**Entries provided:**
________________
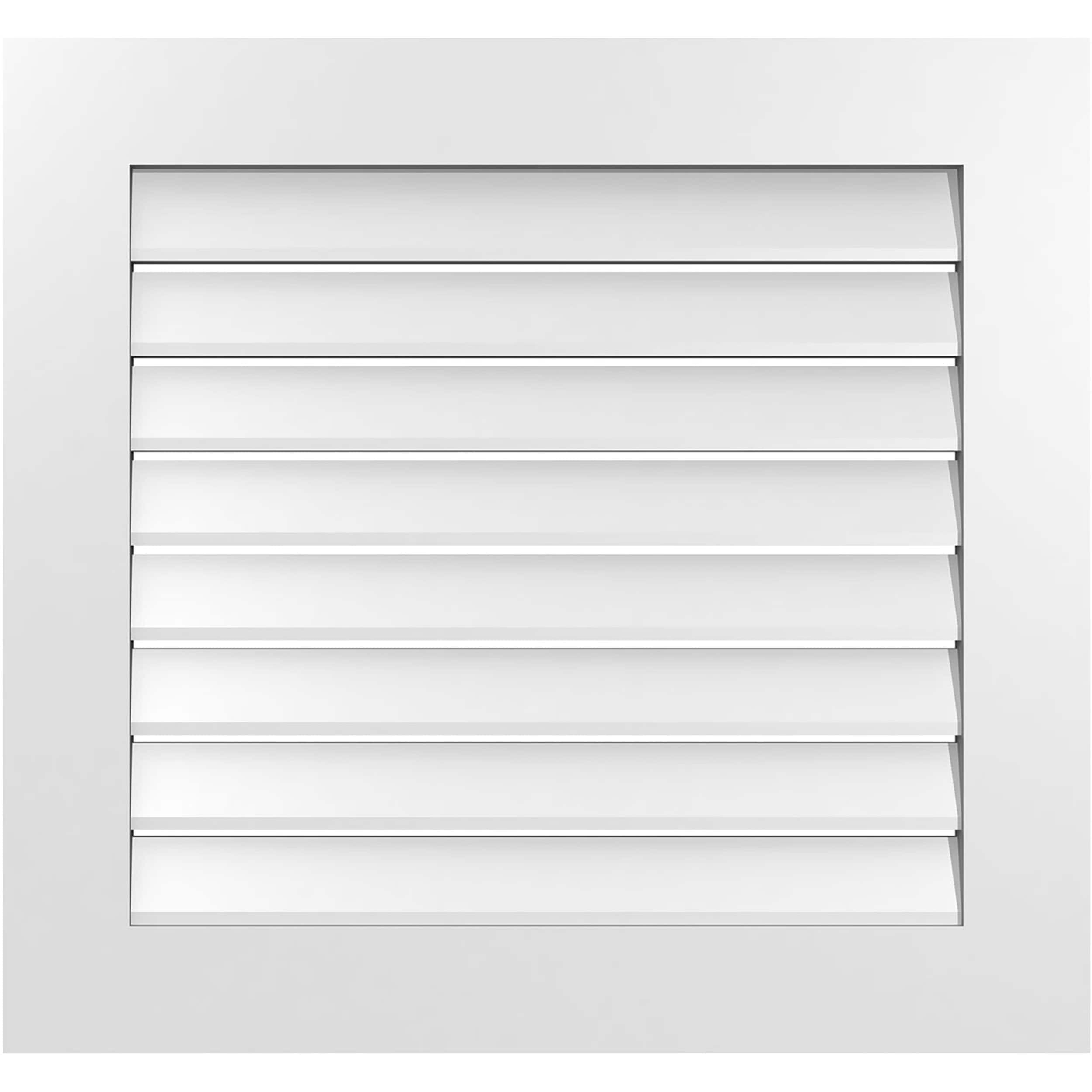 Ekena Millwork GVPVE30X2801SF 30-Inches x 28-Inches Off-white Rectangle PVC Gable Louver Vent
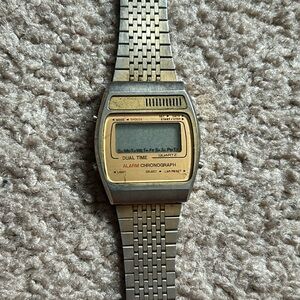 Vintage unisex two tone alarm chronograph stainless steel watch one size‎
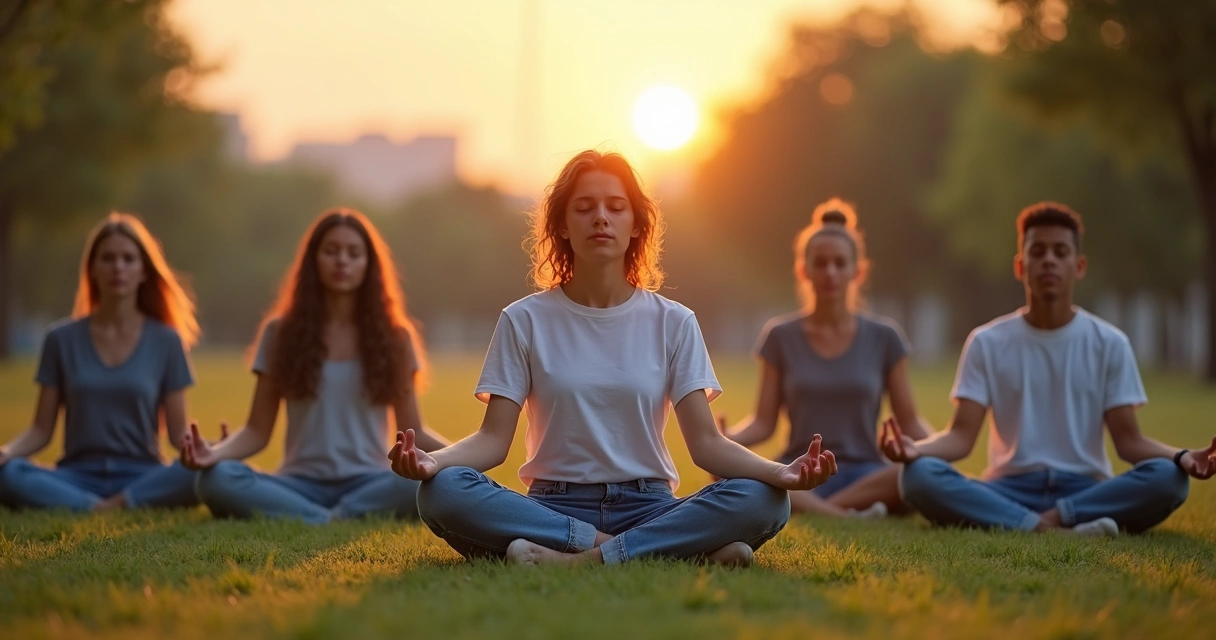 Joven sentado meditando al aire libre al atardecer 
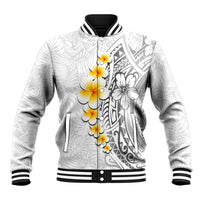 White Tropical Plumeria With Galaxy Polynesian Art Baseball Jacket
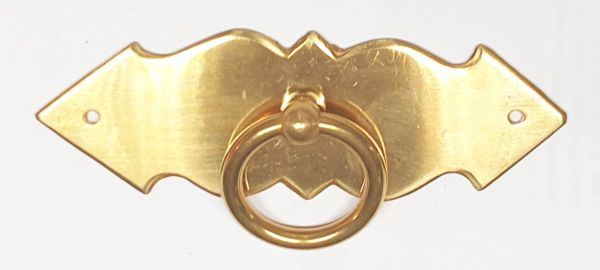 Ringgriff mit Rosette, Messing poliert, Griff Landhaus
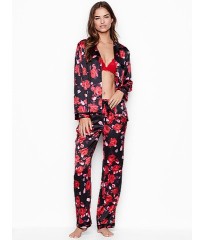Пижама Victoria’s Secret The Satin Long PJ Set Black floral print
________________
**Exercise instructions:**
An exact copy is needed of only the lines from the top of the material through the line with "Ringgriff mit Rosette, Messing"; no pictures belong in it.

**Response to the task:**
 Ekena Millwork GVPVE30X2801SF 30-Inches x 28-Inches Off-white Rectangle PVC Gable Louver Vent
 Vintage unisex two tone alarm chronograph stainless steel watch one size‎
 Joven sentado meditando al aire libre al atardecer 
 White Tropical Plumeria With Galaxy Polynesian Art Baseball Jacket
 Ringgriff mit Rosette, Messing poliert, Griff Landhaus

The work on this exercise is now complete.